** Opening The data block **

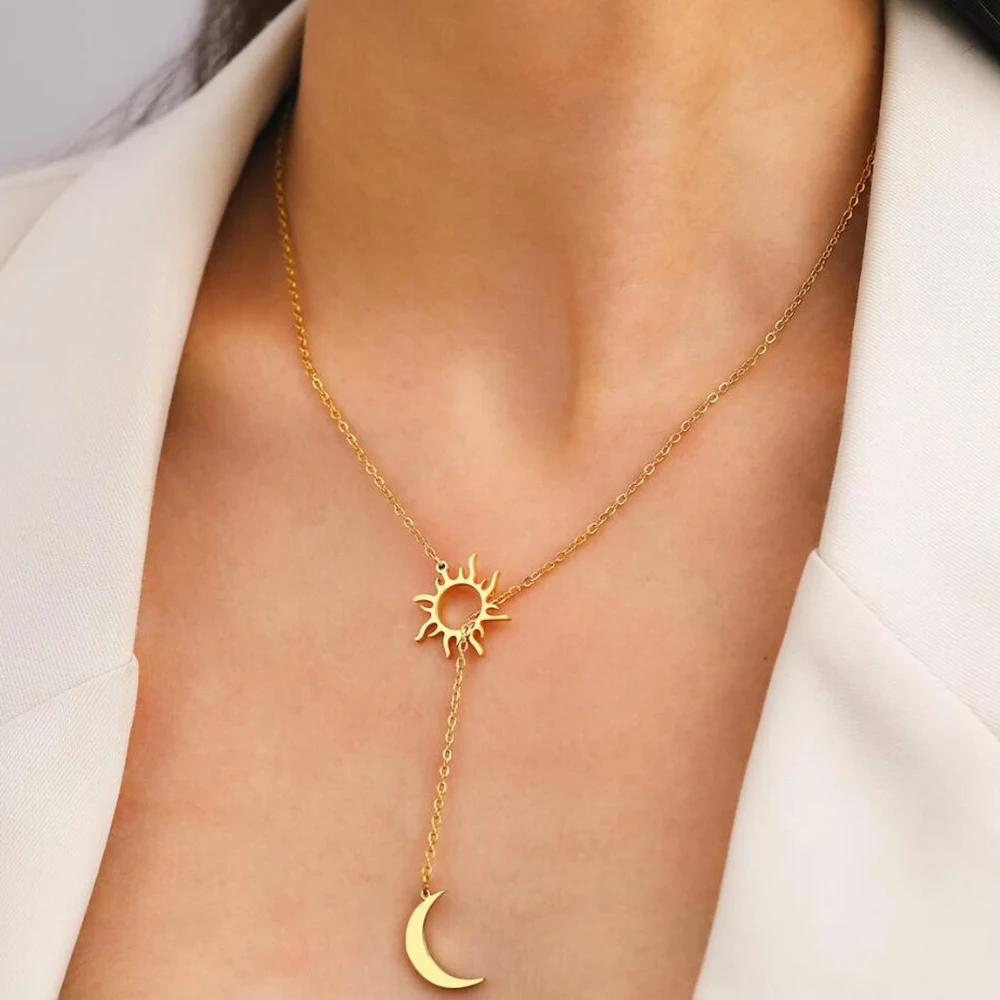 Sun Moon Tonghui Combination Pendant Stainless Steel Minimalist Style Collar Chain as a Special Gift for Girlfriend or Mom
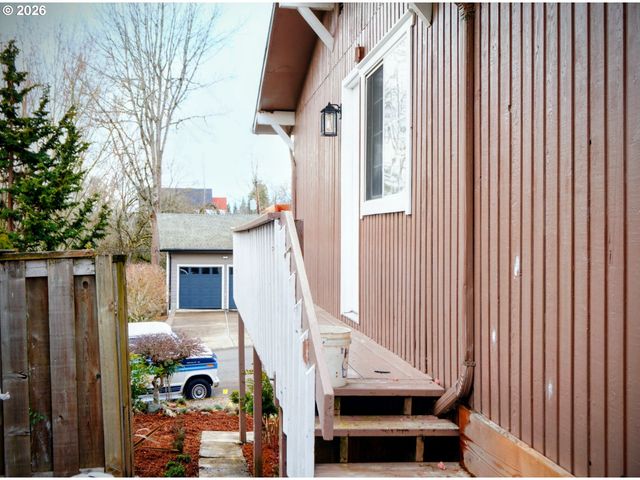 11465 Sw FAIRFIELD St, Beaverton, OR 97005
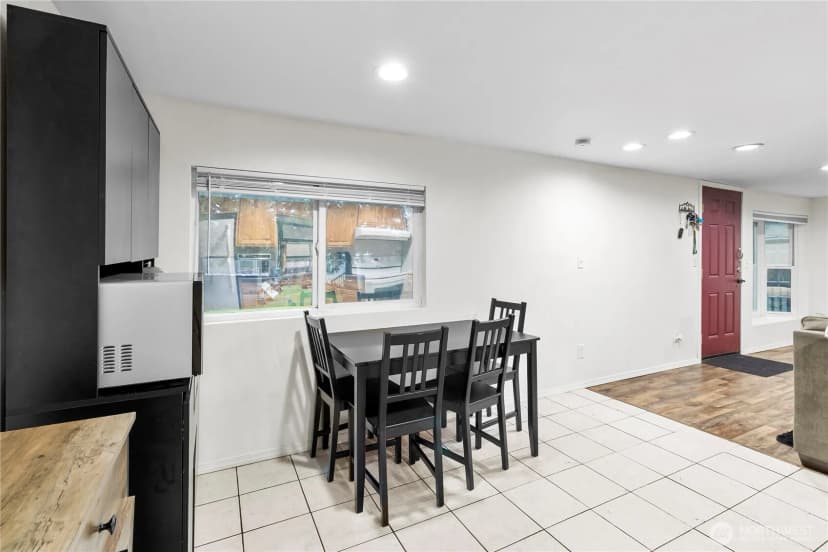 Property photo for 4621 East Street #10b, Blaine photo 11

** Closing The data block **

- Exercise instructions: Reproduce the material word for word. Skip every picture it holds.

- Answer to this exercise:
 Sun Moon Tonghui Combination Pendant Stainless Steel Minimalist Style Collar Chain as a Special Gift for Girlfriend or Mom
 11465 Sw FAIRFIELD St, Beaverton, OR 97005
 Property photo for 4621 East Street #10b, Blaine photo 11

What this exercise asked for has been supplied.